Prof. Dr. Jürgen Eckert

Erich Schmid Institute of Materials Science (Austrian Academy of Sciences) and Department Materials Physics (Montanuniversitat Leoben), Austria

Structure modulation and nanocrystallization of metallic glasses: how to tune mechanical properties
Jürgen Eckert is Director of the Erich Schmid Institute (ESI) of Materials Science of the Austrian Academy of Sciences and Head of the Department Materials Physics at Montanuniversität Leoben, Austria. Before (2006 to 2015) he was Director of the Institute for Complex Materials at the Leibniz-Institute for Solid State and Materials Research Dresden (IFW Dresden) and Full Professor at Dresden University of Technology, Germany.
Earlier in his career, he was Full Professor at Darmstadt University of Technology, Germany (2003 to 2006), and before held positions at IFW Dresden, industry and in the United States at California Institute of Technology. He studied Materials Science at the University of Erlangen-Nuremberg, Germany and received his PhD from the same University. His major research areas are materials physics, metastable materials, structure and property correlations and structural and physical properties of advanced materials. Jürgen Eckert is a corresponding Member of the Austrian Academy of Sciences, a Member of the European Academy of Sciences, and Fellow of the Materials Research Society (MRS). He received the Gottfried Wilhelm Leibniz Award of the German Research Foundation, the DGM Prize of the Deutsche Gesellschaft für Materialkunde (DGM), an ERC-Advanced Grant of the European Research Council, the ISMANAM Senior Scientist Award, the Hsun Lee Lecture Award of the Chinese Academy of Sciences, the DGM Georg-Sachs-Prize, and the FEMS Materials Science.
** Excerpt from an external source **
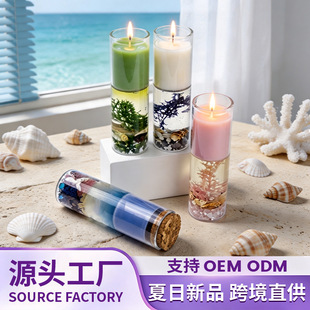 �羳���Շ���޹Ϟ�T���նY���������ֶY������޹�[��Ϟ�T�S��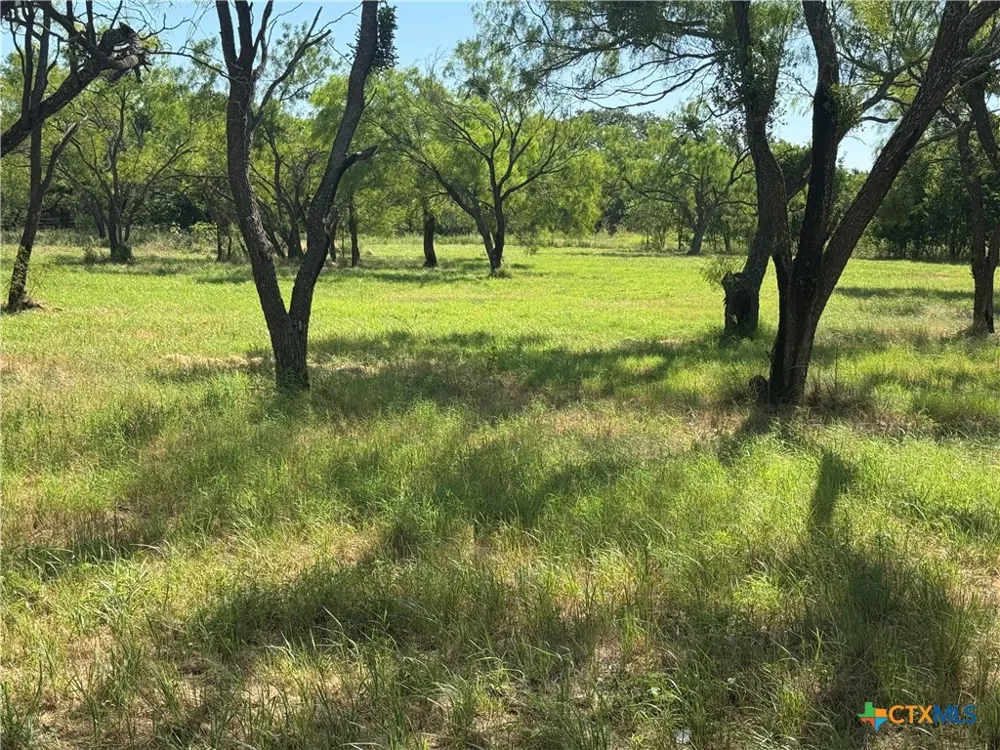 2 Sixth Street Bangs, TX 76823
He is coauthor of more than 1100 scientific papers and has presented numerous invited and plenary talks at international conferences. In addition, he holds more than 20 patents in the areas of materials science and processing technology.

Prof. Michael Farle

Faculty of Physics, Universitat Duisburg-Essen, Duisburg, Germany

Smart magnetism: nanomaterials design for friction less transport, refrigeration, and theranostics

Michael Farle received his Diploma in experimental physics, Doctorate, and Habilitation degrees from Freie Universität Berlin in 1984, 1989, and 1998, respectively. During this time he spent three and a half years as a senior researcher at Stanford University, California, and Université de Strasbourg, France. In 1999, he moved to Technische Universität Braunschweig, Germany, where he became a full professor. Since 2002, he has been working as a professor at the Universität Duisburg-Essen, Germany, where he also served as Vice-Rector for Research and Junior Scientific Staff.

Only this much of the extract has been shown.